> _Extracted records_
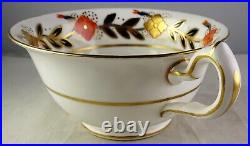 Eight Royal Crown Derby Asian Rose Cups (only) Duesbury Shape Floral Band Gold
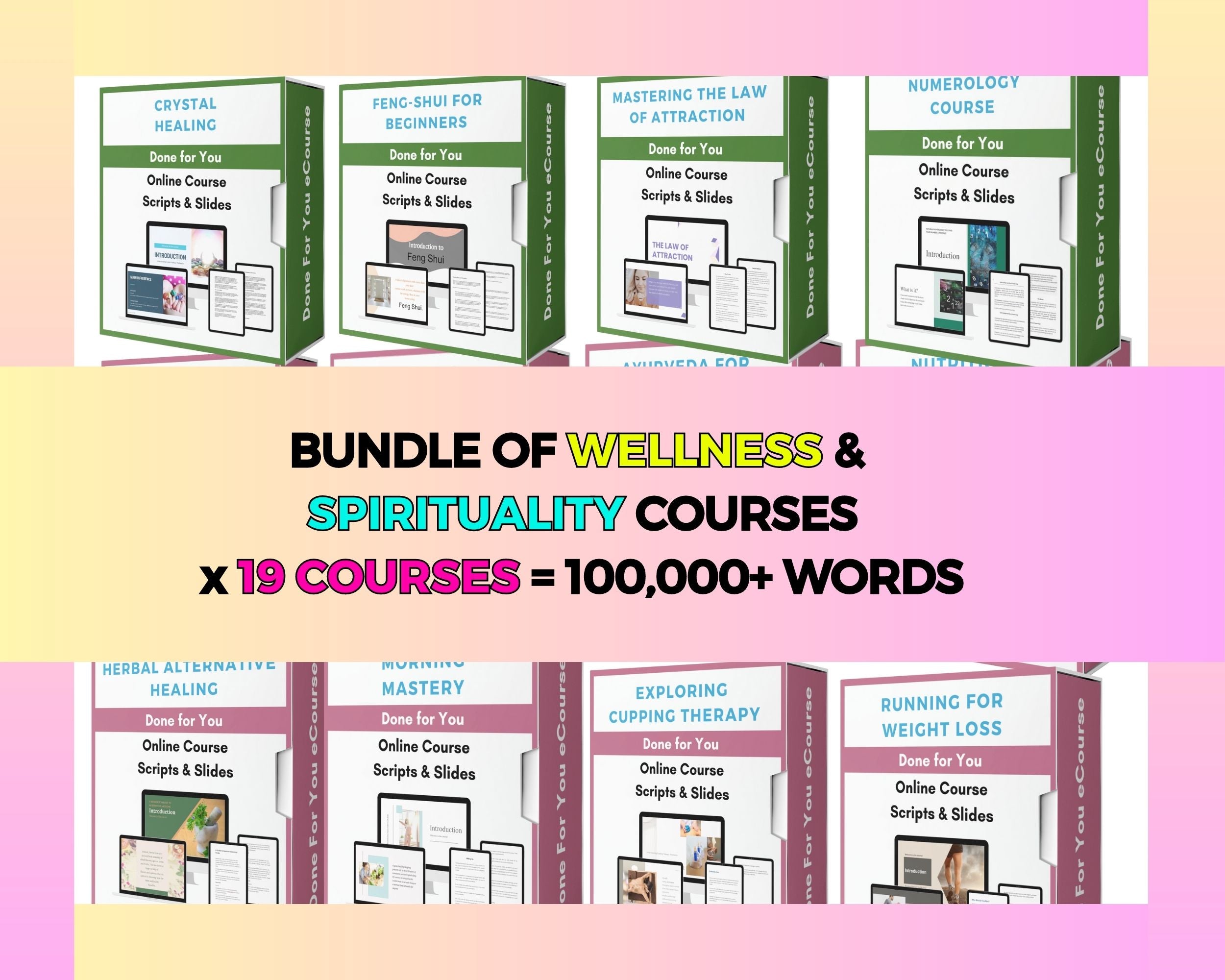 BUNDLE of 19 Wellness and Spirituality Courses | Lessons in Google Docs | Done for You Canva Slides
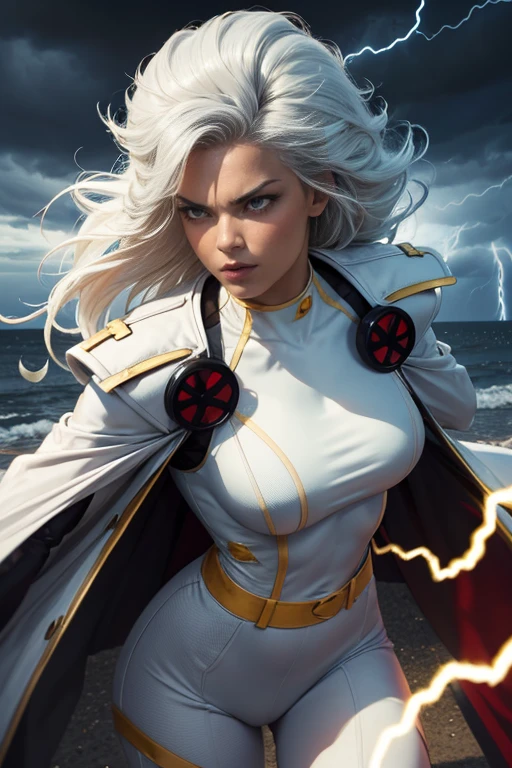 best quality,highres,ultra-detailed,realistic:1.37,professional,dynamic,action shot,storm character art,storm from the X-Men,storm conjuring lightning,storm with flowing white hair,storm with intense gaze,storm in a powerful pose,strong facial features,storm's iconic cape,storm surrounded by storm clouds,storm with dramatic lighting,storm's eyes glowing white,storm's lightning powers crackling,storm with an intense expression,storm with a determined look,storm wearing her classic costume,storm floating in the air,storm with winds swirling around her,storm creating a thunderstorm,storm casting lightning bolts,storm's cape billowing in the wind,storm with a fierce and confident posture,vivid colors,bokeh,portrait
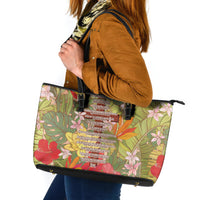 Mahalo Hawaii - Ka Pule a ka Haku Leather Tote Bag Tropical Flowers LT7 Coral Pink - Polynesian Pride
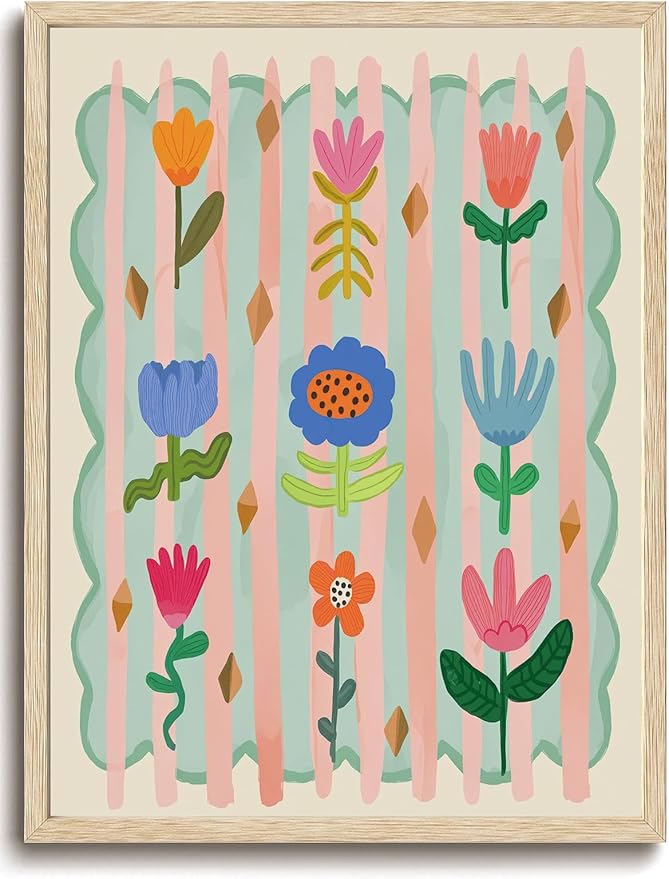 KISSFOX Framed Wall Art Nursery Wall Decor Cute Floral Pictures Kids Colorful Flower Canvas Art Boho Whimsical Paintings Artwork For Children Boys Girls Room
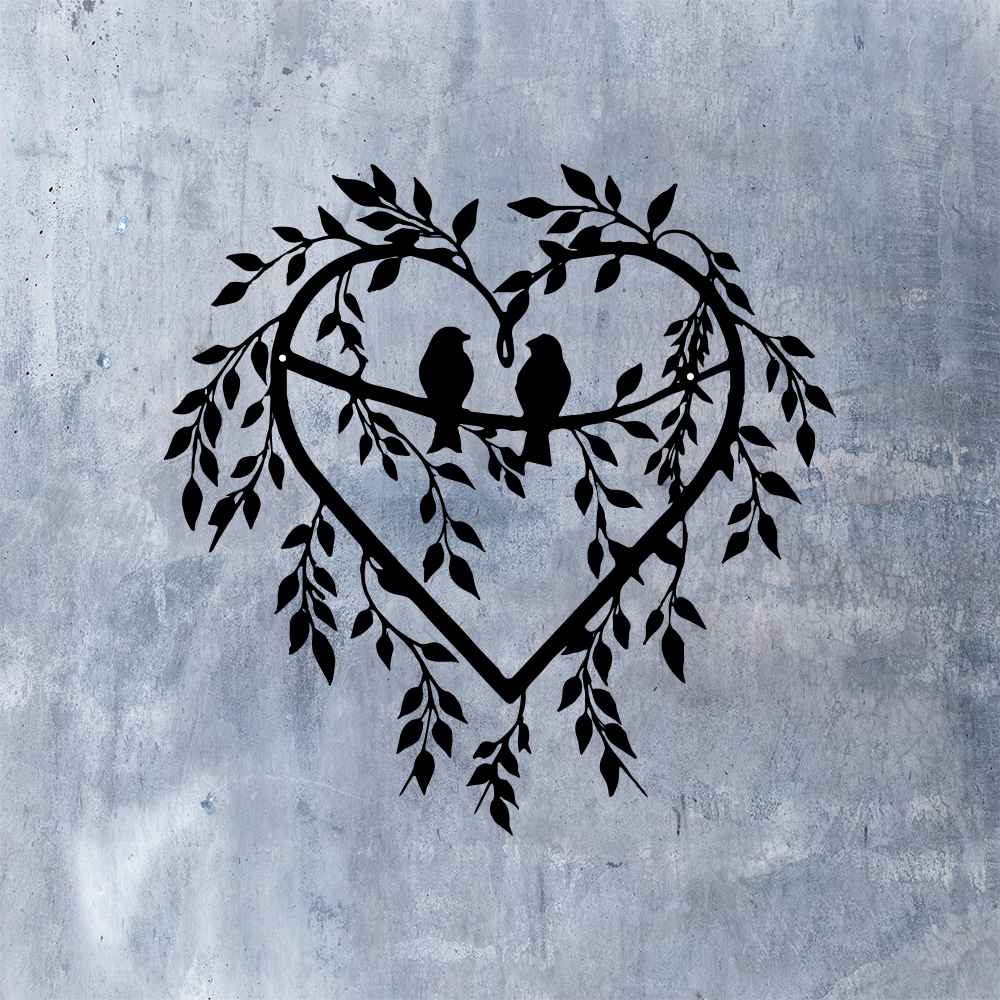1pc Fun Love Heart Two Birds O - Home Decor Quotes On Wall avaliação e preço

> _Work instructions_
Return all the lines above exactly; none of the pictures should appear.

> _Reply_
 Eight Royal Crown Derby Asian Rose Cups (only) Duesbury Shape Floral Band Gold
 BUNDLE of 19 Wellness and Spirituality Courses | Lessons in Google Docs | Done for You Canva Slides
 best quality,highres,ultra-detailed,realistic:1.37,professional,dynamic,action shot,storm character art,storm from the X-Men,storm conjuring lightning,storm with flowing white hair,storm with intense gaze,storm in a powerful pose,strong facial features,storm's iconic cape,storm surrounded by storm clouds,storm with dramatic lighting,storm's eyes glowing white,storm's lightning powers crackling,storm with an intense expression,storm with a determined look,storm wearing her classic costume,storm floating in the air,storm with winds swirling around her,storm creating a thunderstorm,storm casting lightning bolts,storm's cape billowing in the wind,storm with a fierce and confident posture,vivid colors,bokeh,portrait
 Mahalo Hawaii - Ka Pule a ka Haku Leather Tote Bag Tropical Flowers LT7 Coral Pink - Polynesian Pride
 KISSFOX Framed Wall Art Nursery Wall Decor Cute Floral Pictures Kids Colorful Flower Canvas Art Boho Whimsical Paintings Artwork For Children Boys Girls Room
1pc Fun Love Heart Two Birds O - Home Decor Quotes On Wall avaliação e preço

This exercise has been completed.